A similar data structure was proposed by researchers in data and knowledge bases in (Agrawal et al. 1989). However, the authors did not use that representation for lattice operations as we do here. Instead, they focused on using it for obtaining more compact range-sequence codes for the transitive closure of the “is-a” relation of a taxonomy. That representation is equivalent to the one we specify here and to the one in (Aït-Kaci et al. 1989). Contrary to (Aït-Kaci et al. 1989), they define an element’s code as the union of index ranges from the post-order arrangement of the a spanning tree of the “is-parent-of” relation of a taxonomy. Each concept in the taxonomy (i.e., each element in the poset) of post-order index j is then encoded as the interval 〈i,j〉 where i is the smallest post-order index of all its descendants. Although they did not do it, it is easy to show that their representation is equivalent to bit vectors. But they did not specify lattice operations on their data structures as we do for ours in this document. What they focused on was minimizing the total number of packets in range codes. In order to do so, they suggest generating codes based on the “optimal” spanning tree for generating the most compact set of codes. The data structure and algorithm for what they call “compressed transitive closure” do not maintain dynamic interval consistency caused by potential adjacency as we do here.³¹ Although they do cite (Aït-Kaci et al. 1989), Agrawal et al. do so only in the conclusion as they had just noticed its publication. They suggest that their approach and that exposed in Aït-Kaci et al. (1989) might be combined for processing large taxonomies. As far as we know, no follow-up on this suggestion was carried out.

It is clear how the work of (Agrawal et al. 1989), although orthogonal to ours, could be adapted to our needs as well in order to improve its space consumption. However, it is to be noted that their code-compaction method requires a topologically ordered poset. For very large taxonomies (over 1 million elements) the price of sorting the taxonomy might be worth spending only for once-for-all prepocessing prior to query time (Aït-Kaci and Amir 2013; Amir and Aït-Kaci 2013).
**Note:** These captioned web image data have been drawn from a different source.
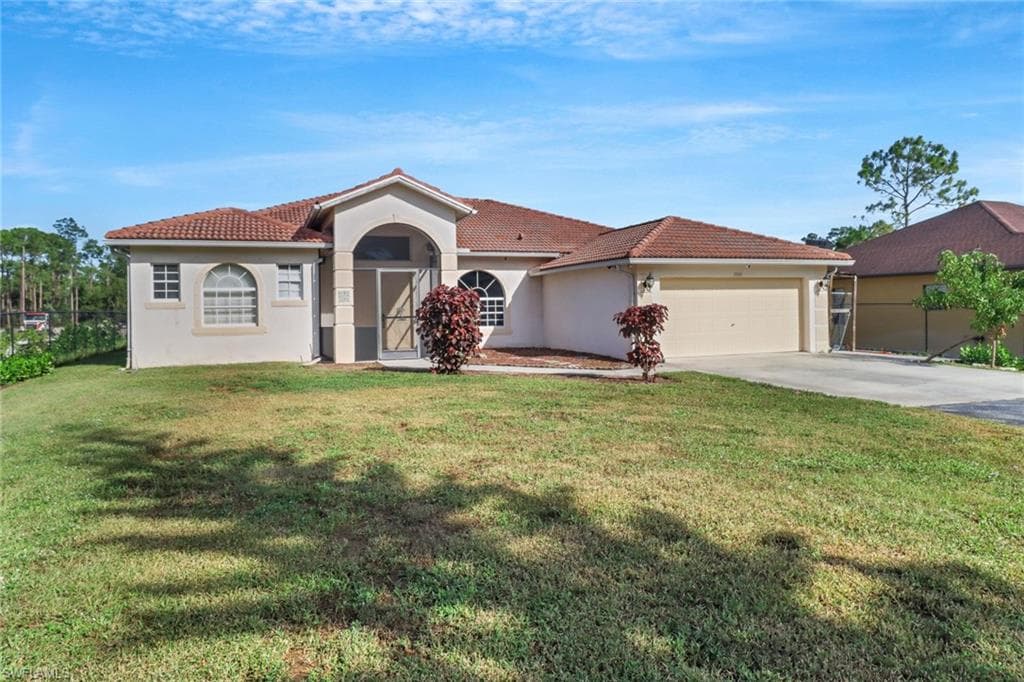 2041 24th Ave NE, Naples, FL 34120-1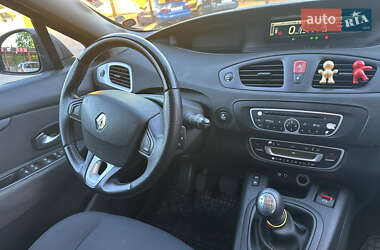 Минивэн Renault Grand Scenic 2010 в 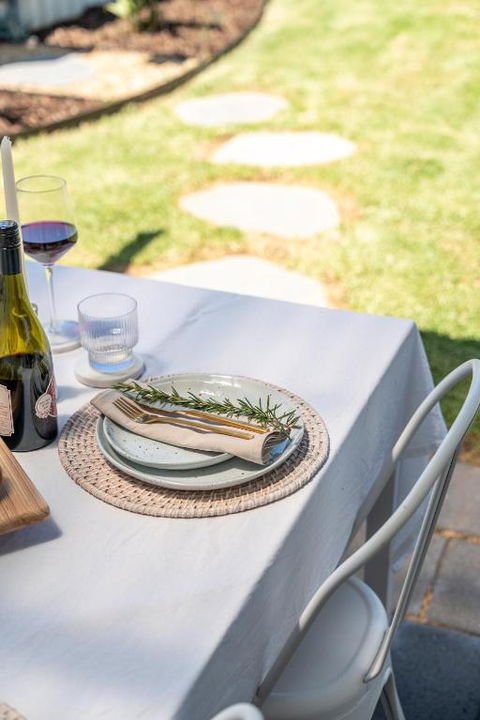 ILUKA Luxe Accommodation, Relaxed Coastal Vibe - Mackay Tourism 3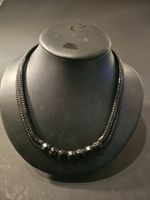 Collier Noir à maille plate et 7 perles noires fantaisies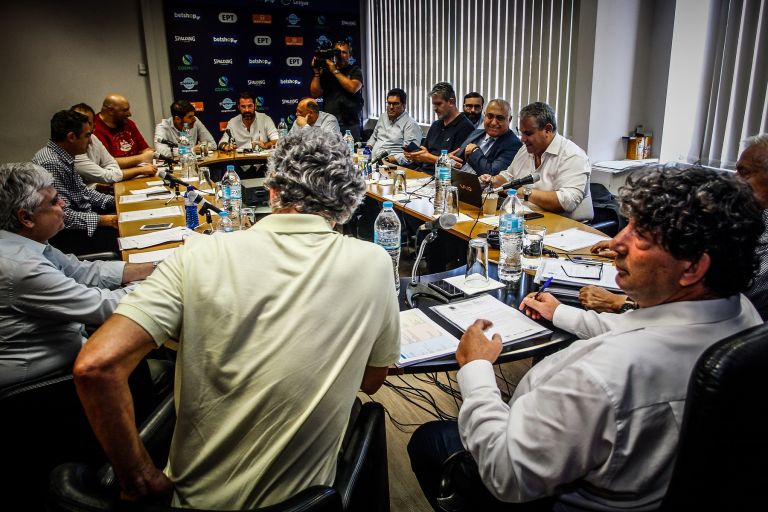 ΕΣΑΚΕ: Προσκαλεί Καστοριά και Καρδίτσα στην Basket League, αλλιώς δίνει wildcard
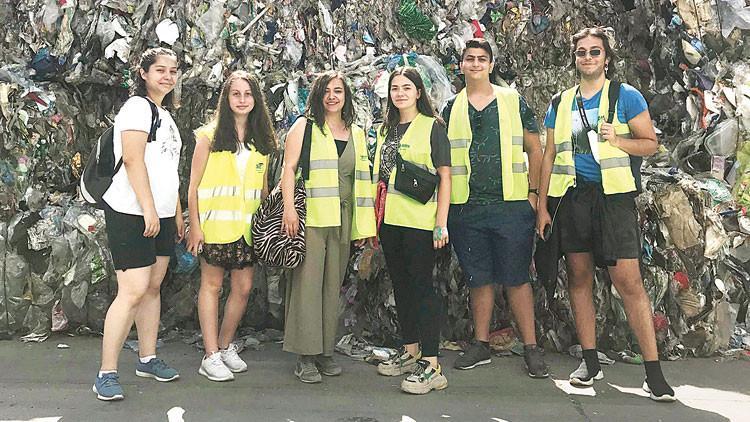 Halka açık plastik geri dönüşüm merkezi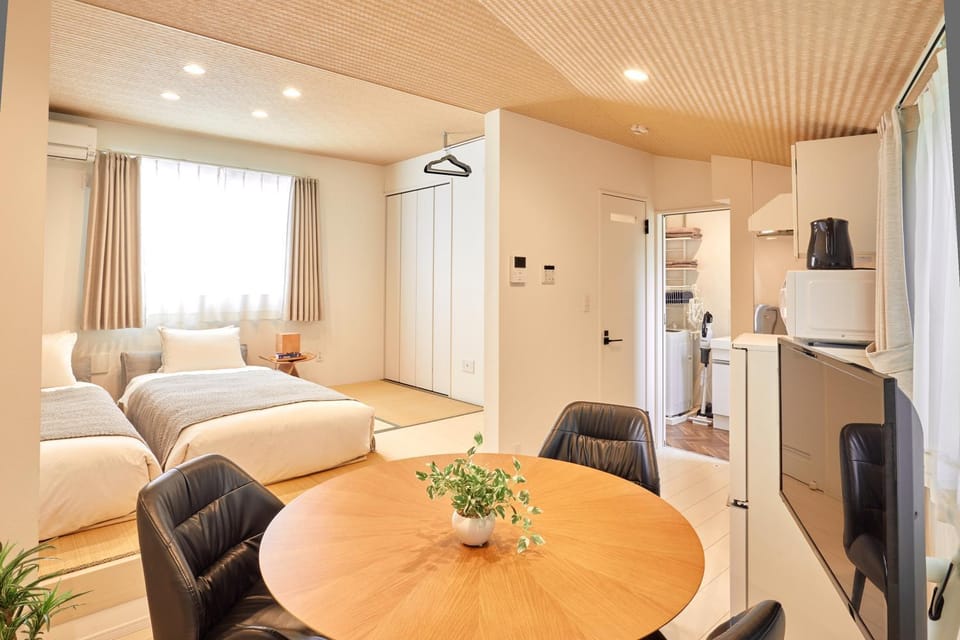 Home Suite Home Ikejiri - Shibuya 1 Stop! Sleek Confort with Washer and Dryer Apartment in Shibuya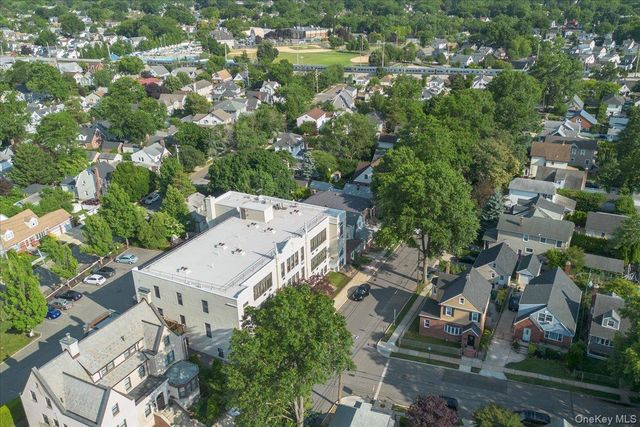 15 Depan Avenue, Floral Park, NY 11001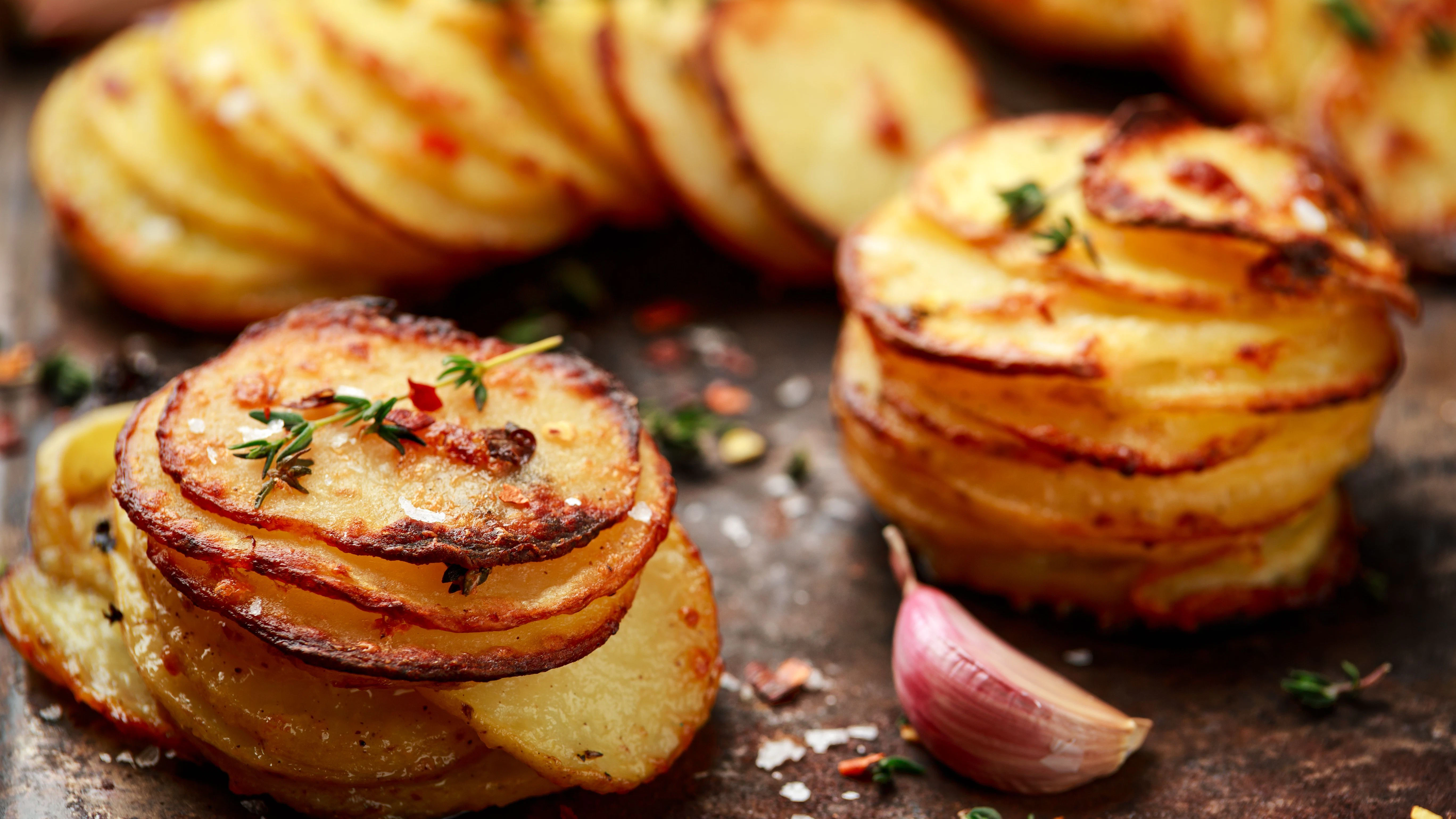 Lecker, deftig, käsig! Diese perfekten Kartoffeln vom Blech werden laut Rezept mit Knoblauch und Parmesan verfeinert und im Ofen gebacken.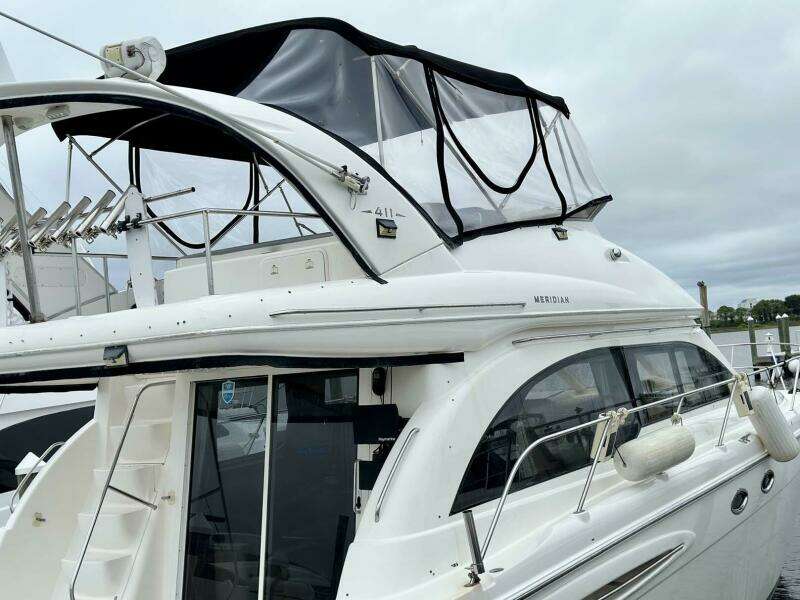 2007 Meridian 411 Sedan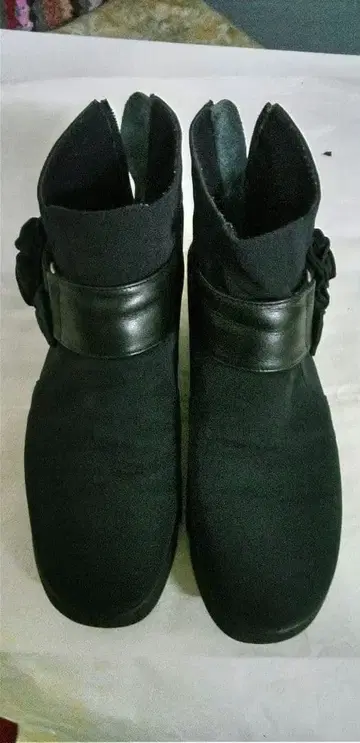 포테치노, 블랙 컷 스니커즈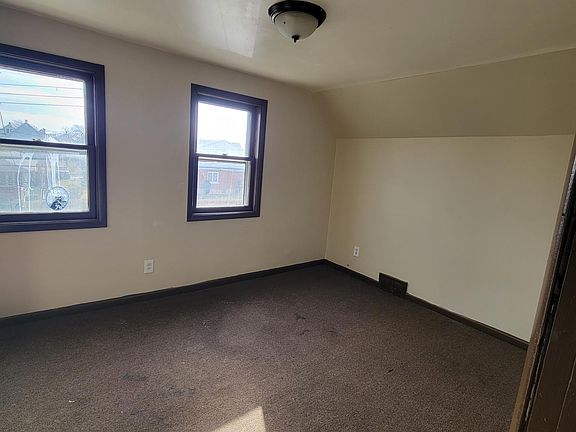 3rd image of 612 20th St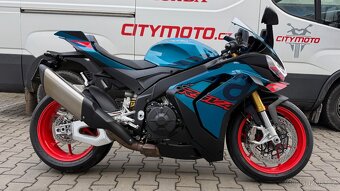Aprilia RSV4 1100 - TOP STAV, malý nájezd - 2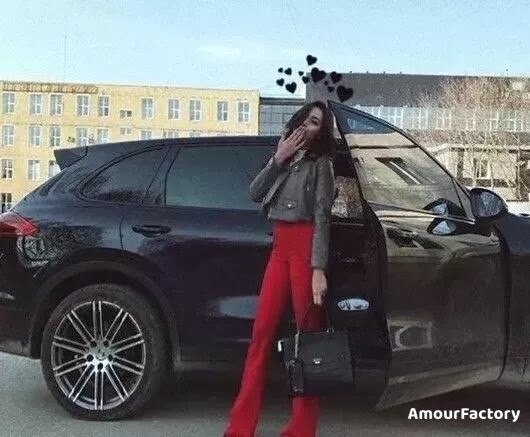 Alina Profile image 1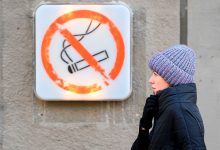 Фото - Названо наказание за курение сигарет и айкоса на детской площадке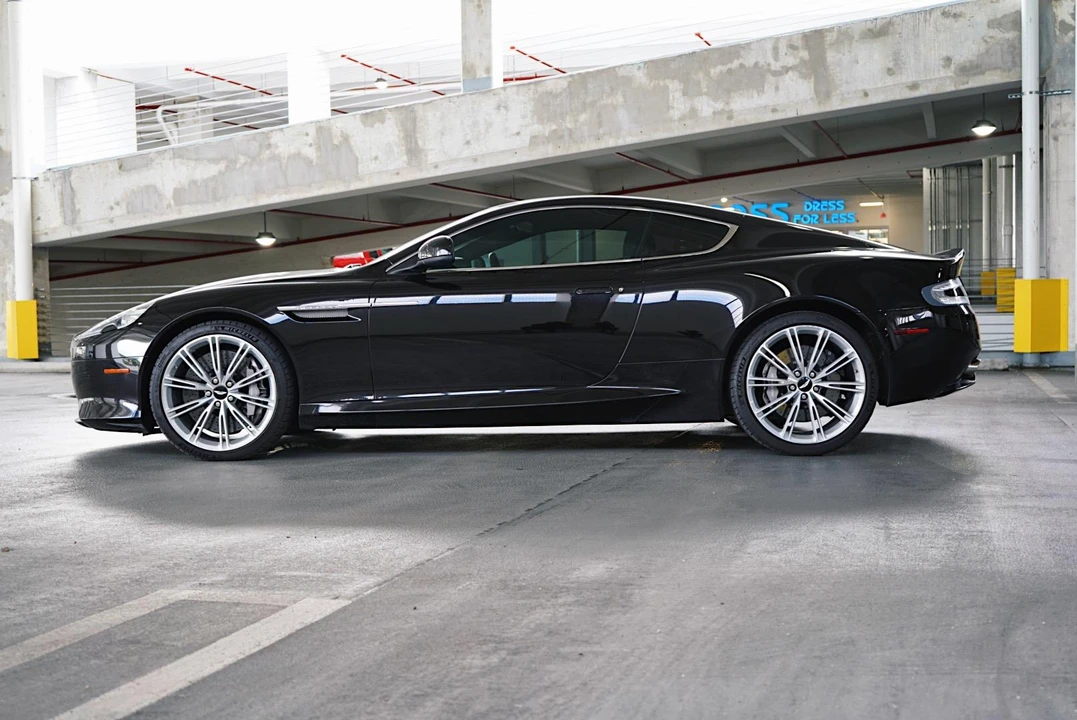 2014 Aston Martin DB9 - Image 18 of 31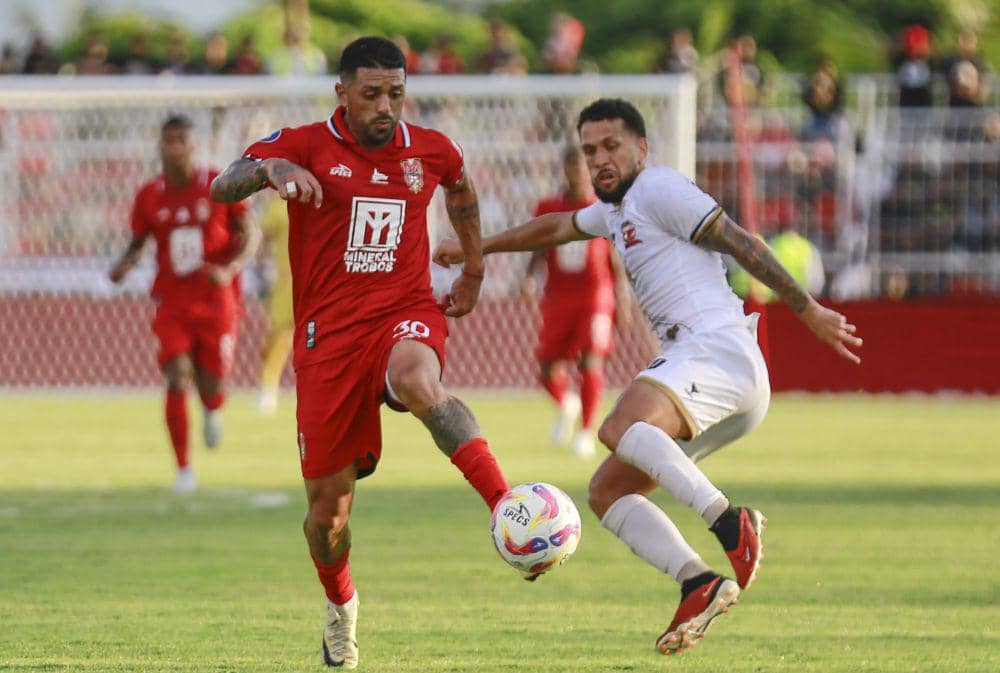 Pemain Malut United Jonathan Bustos (kiri) berebut bola dengan pemain Madura United Iran Junior (kanan) di laga BRI Liga 1 2024/25, Jumat (10/1/2025). ANTARA FOTO/Andri Saputra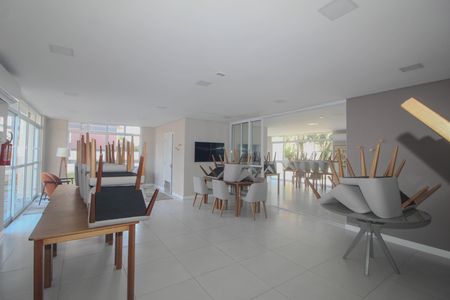 Apartamento à venda com 75m², 3 quartos e 2 vagas Apartamento à venda com 75m², 3 quartos e 2 vagasÁrea comum - Salão de festas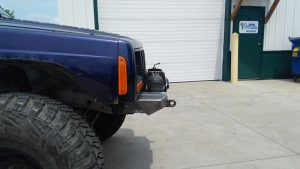 XJ Modular Stubby Winch Bumper | With Mini Wings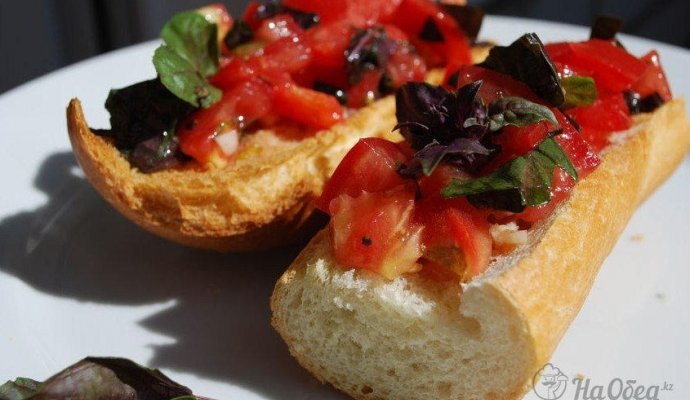 Брускетта с помидорами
Also, the question of incrementality is not addressed.

Finally, although this work has been motivated for obtaining a compact representation of binary codes encoding a partial order, it comes as evident that the data structure, and operations on it, specified in this appendix can represent any set of integers (or integer-indexed set) seen as a sequence of intervals. Set intersection is realized as the conjunction described in Section A.3.1; set union as the disjunction described in Section A.3.2; and, set complementation as the negation described in Section A.3.3. Therefore, it can readily be used for this purpose as well.